#### RECORDED DATA:
####################
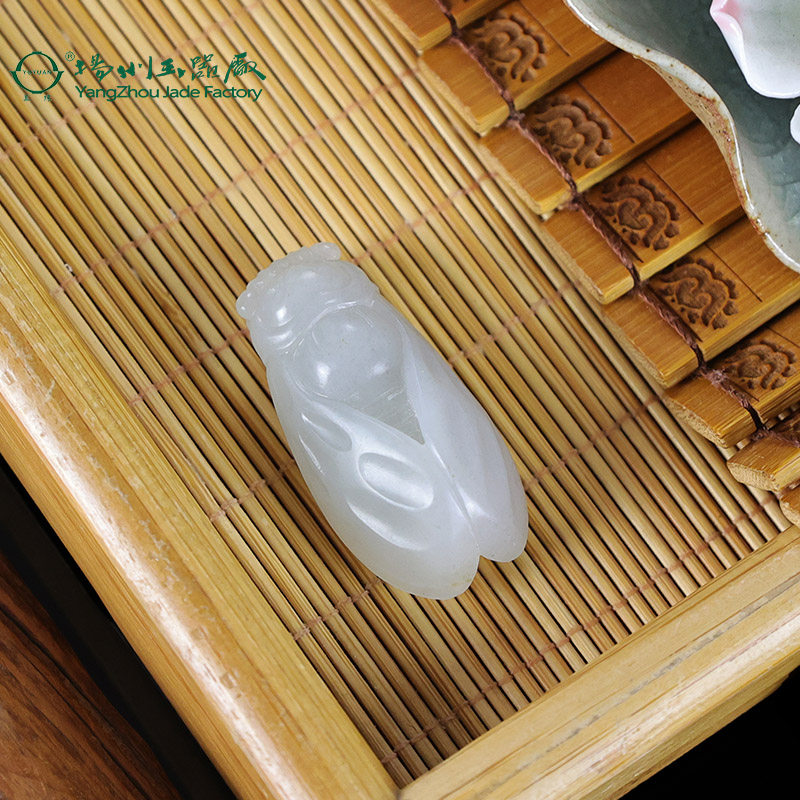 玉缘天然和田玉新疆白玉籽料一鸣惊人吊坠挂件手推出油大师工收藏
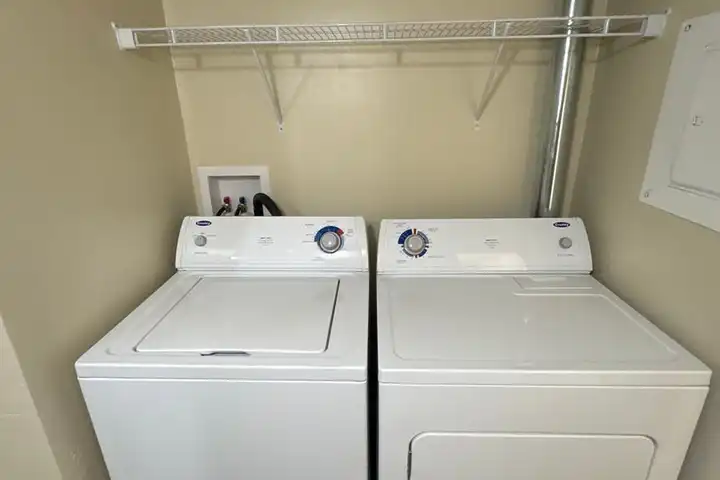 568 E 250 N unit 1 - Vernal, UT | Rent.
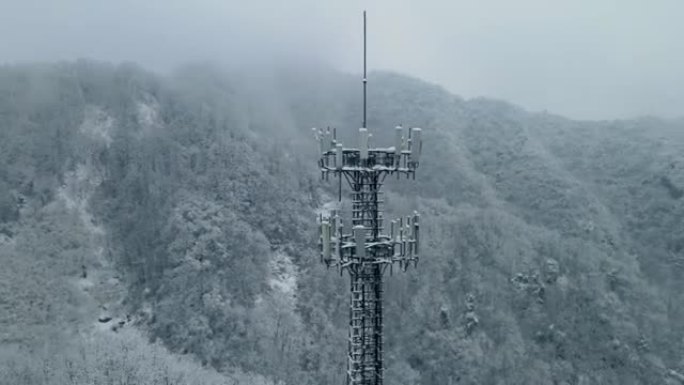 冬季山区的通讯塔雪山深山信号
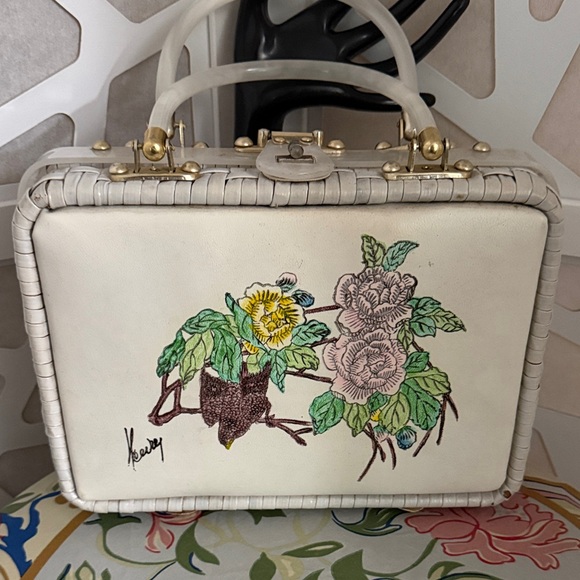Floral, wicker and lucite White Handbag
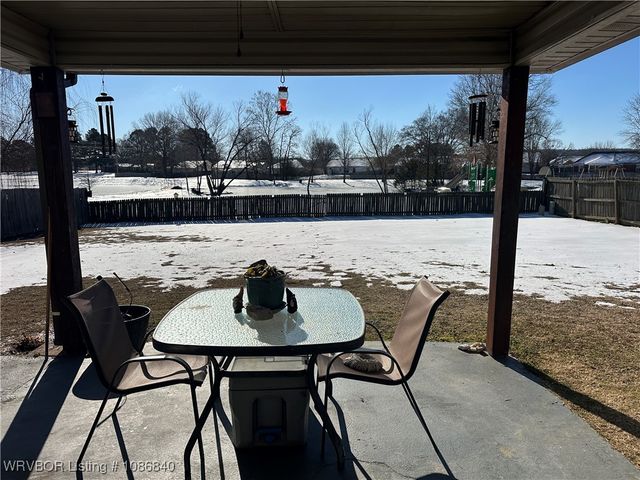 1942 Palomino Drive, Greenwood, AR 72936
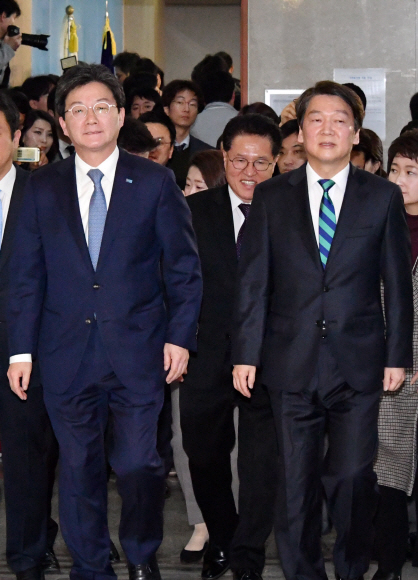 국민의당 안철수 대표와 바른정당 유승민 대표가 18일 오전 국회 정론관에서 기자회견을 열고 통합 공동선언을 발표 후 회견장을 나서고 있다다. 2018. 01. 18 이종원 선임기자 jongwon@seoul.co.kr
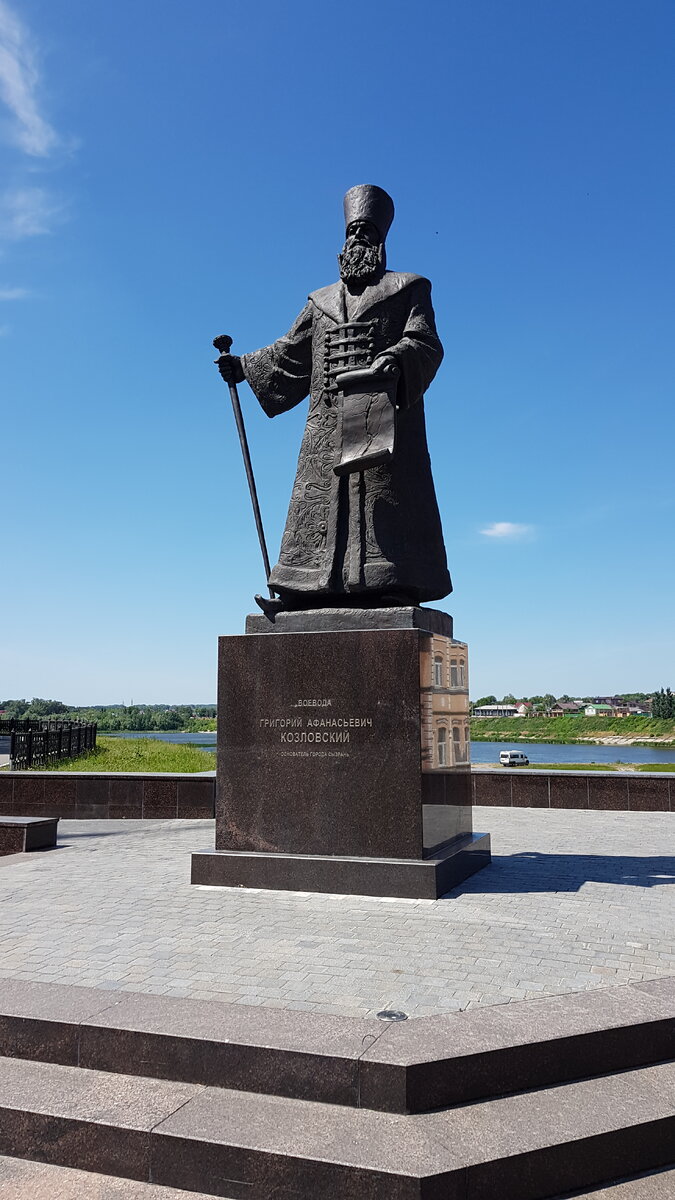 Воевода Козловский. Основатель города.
####################
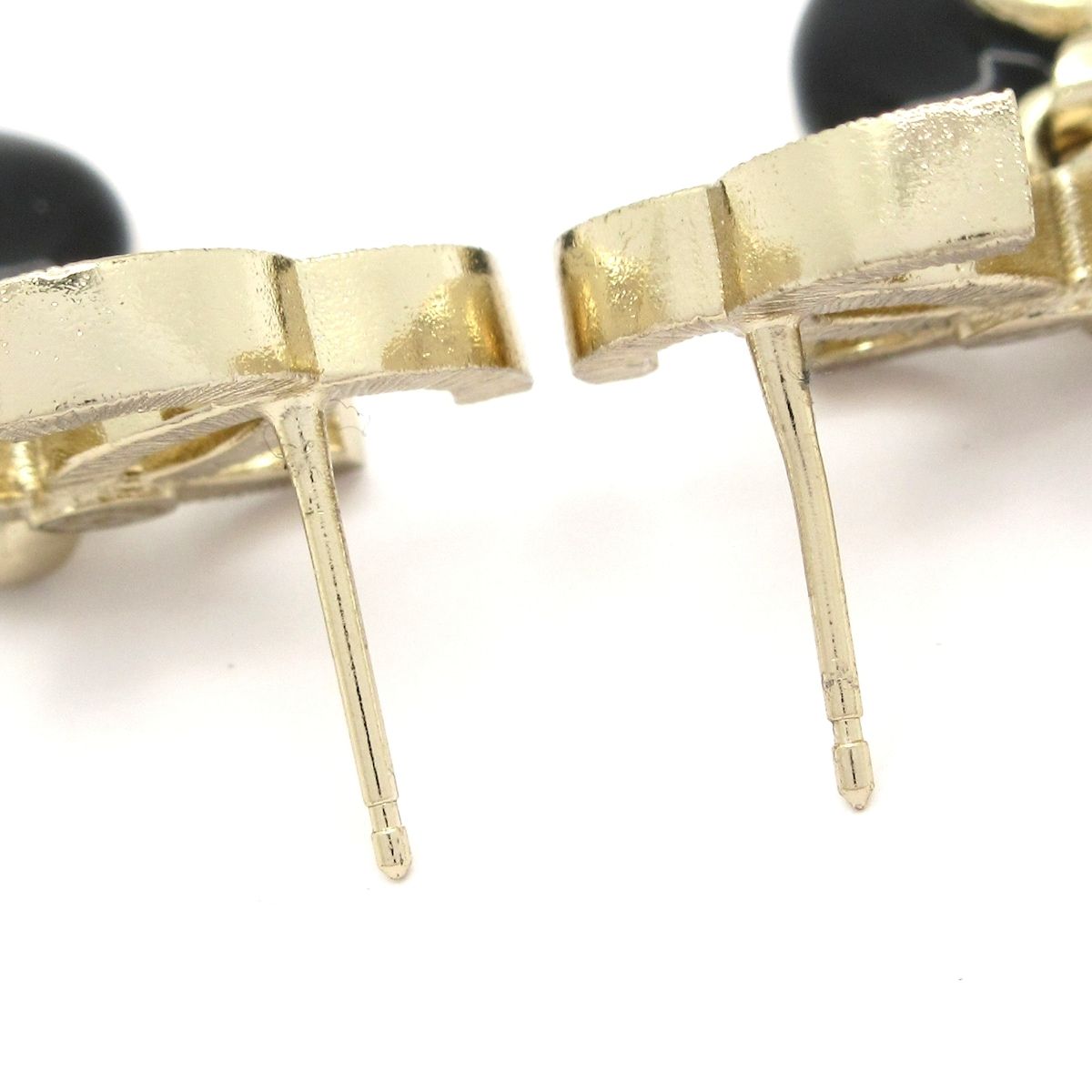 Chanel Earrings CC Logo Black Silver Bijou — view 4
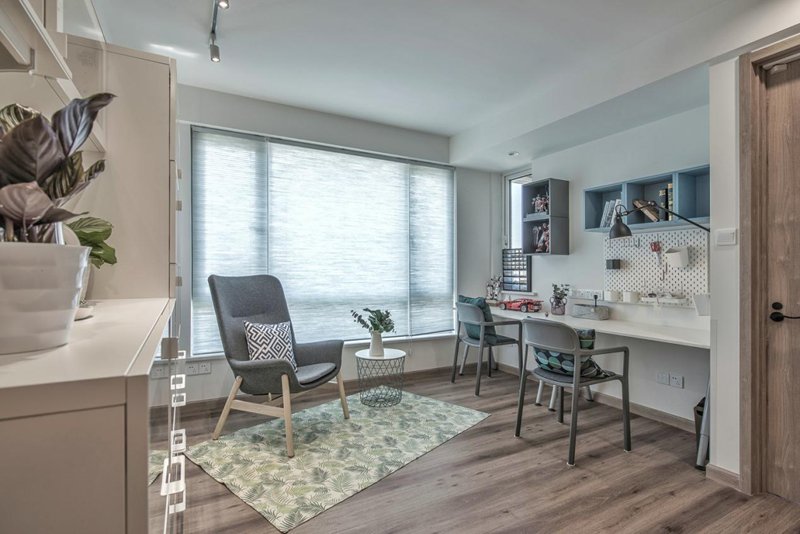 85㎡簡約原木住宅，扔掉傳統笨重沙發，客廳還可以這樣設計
####################
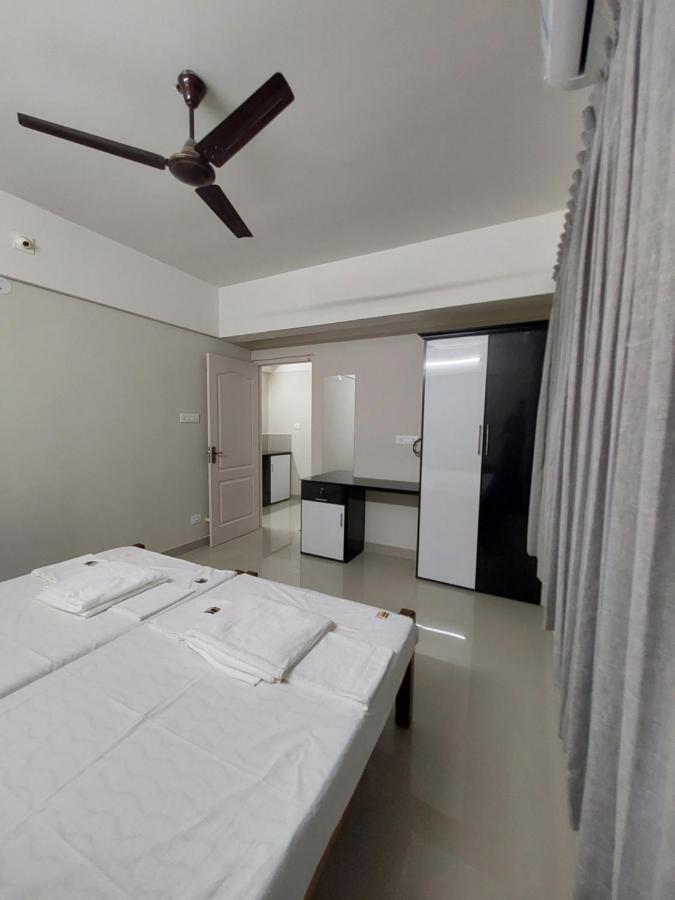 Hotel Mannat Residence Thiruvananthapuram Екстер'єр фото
####################
#### WORK ITEM:
Please copy the lines above exactly, starting at the line that holds "玉缘天然和田玉新疆白玉籽料一鸣惊人吊坠挂件手推出油大师工收藏" and ending at the line that holds "Воевода Козловский. Основатель города."; include both, but no pictures.

#### RESPONSE TO THIS EXERCISE:
 玉缘天然和田玉新疆白玉籽料一鸣惊人吊坠挂件手推出油大师工收藏
 568 E 250 N unit 1 - Vernal, UT | Rent.
 冬季山区的通讯塔雪山深山信号
Floral, wicker and lucite White Handbag
 1942 Palomino Drive, Greenwood, AR 72936
 국민의당 안철수 대표와 바른정당 유승민 대표가 18일 오전 국회 정론관에서 기자회견을 열고 통합 공동선언을 발표 후 회견장을 나서고 있다다. 2018. 01. 18 이종원 선임기자 jongwon@seoul.co.kr
 Воевода Козловский. Основатель города.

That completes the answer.